Angela Merkel headed for narrow win in German elections

Published September 19, 2013
German Chancellor Angela Merkel addresses an election campaign event of her German Christian Democratic Union (CDU) party in Hamburg, northern Germany on September 18, 2013, with only a few days of campaigning left before the September 22 poll. — Photo AFP
German Chancellor Angela Merkel addresses an election campaign event of her German Christian Democratic Union (CDU) party in Hamburg, northern Germany on September 18, 2013, with only a few days of campaigning left before the September 22 poll. — Photo AFP

BERLIN: German voters look set to reward Angela Merkel Sunday with a third term, for seeing them through the eurozone crisis stronger than before, making her the only major European leader to survive the turmoil.

As the debt drama laid waste to counterparts in France, Spain, Greece and Italy, Merkel has amassed more popularity than any German post-war chancellor, nicknamed “Mutti” (Mummy) for her reassuring, take-charge demeanour.

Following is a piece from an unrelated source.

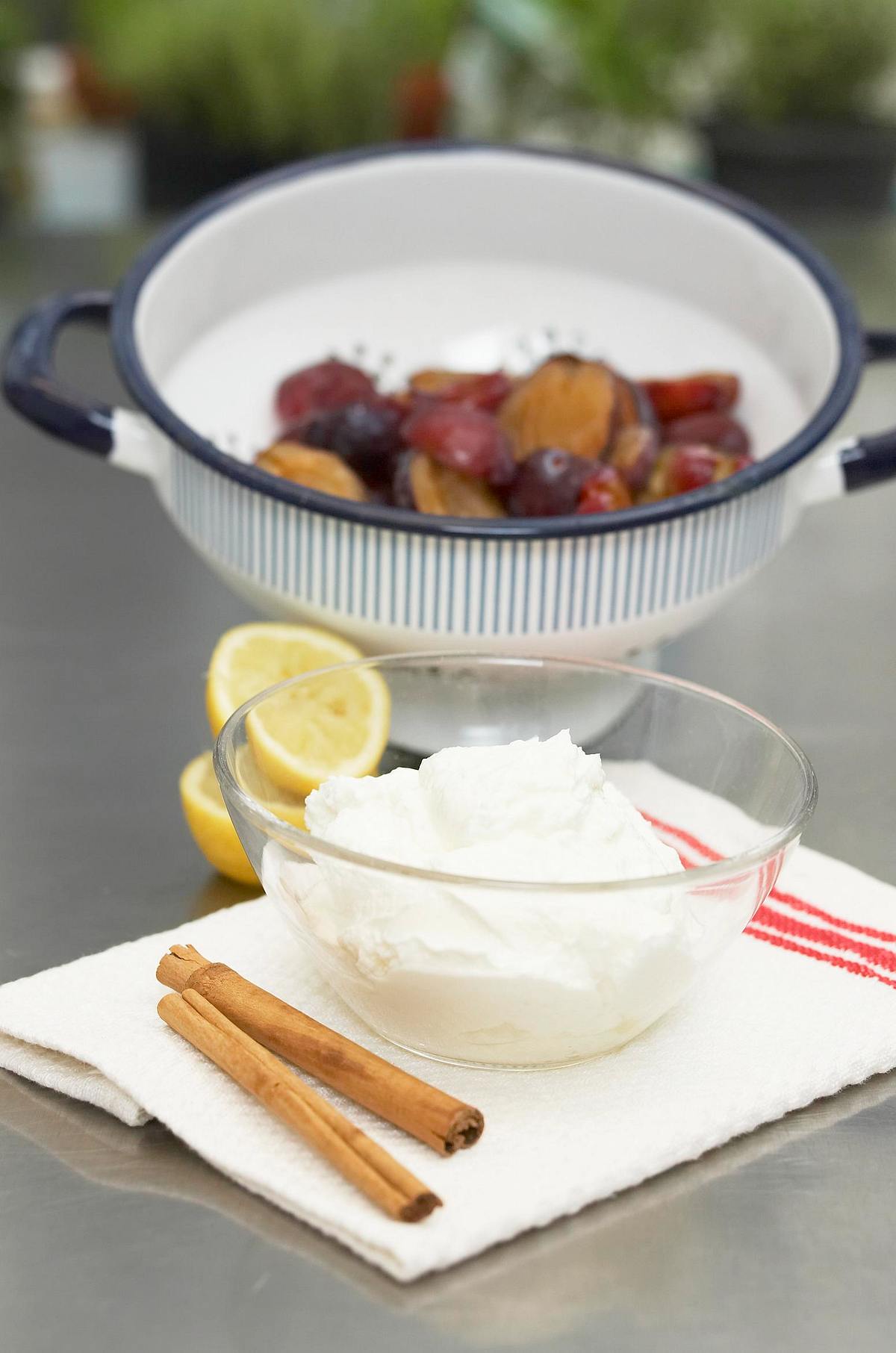 Lachs-Sashimi auf Kartoffel-Schnittlauch-Creme mit Croûtons Rezept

Pollsters say all roads appear to lead to Merkel, often called the world's most powerful woman, winning re-election.

The vote, in which nearly 62 million Germans are called to the ballot box, will instead turn on whether her current centre-right coalition with the pro-business Free Democrats (FDP) can hold onto power. Poll numbers suggest it will be a close call.

If they fail to muster a ruling majority, Merkel would be forced into the arms of her traditional rivals, the Social Democrats, in a “grand coalition” -- the same loveless union of her first four-year term.

“We have no votes to give away,” she told several campaign rallies this week after the FDP pleaded for centrist voters to give them a helping hand following a disastrous defeat in a Bavarian state election.

“We will fight for every vote.”

Each German has two votes to cast, one for their local candidate and one for the party, leaving them the option of splitting their vote.

Merkel is fearful such tactical voting to aid the FDP, which is teetering on the five-percent threshold for seats in parliament, could leave her conservative Christian Democrats (CDU) weakened as she embarks on another four years at the helm.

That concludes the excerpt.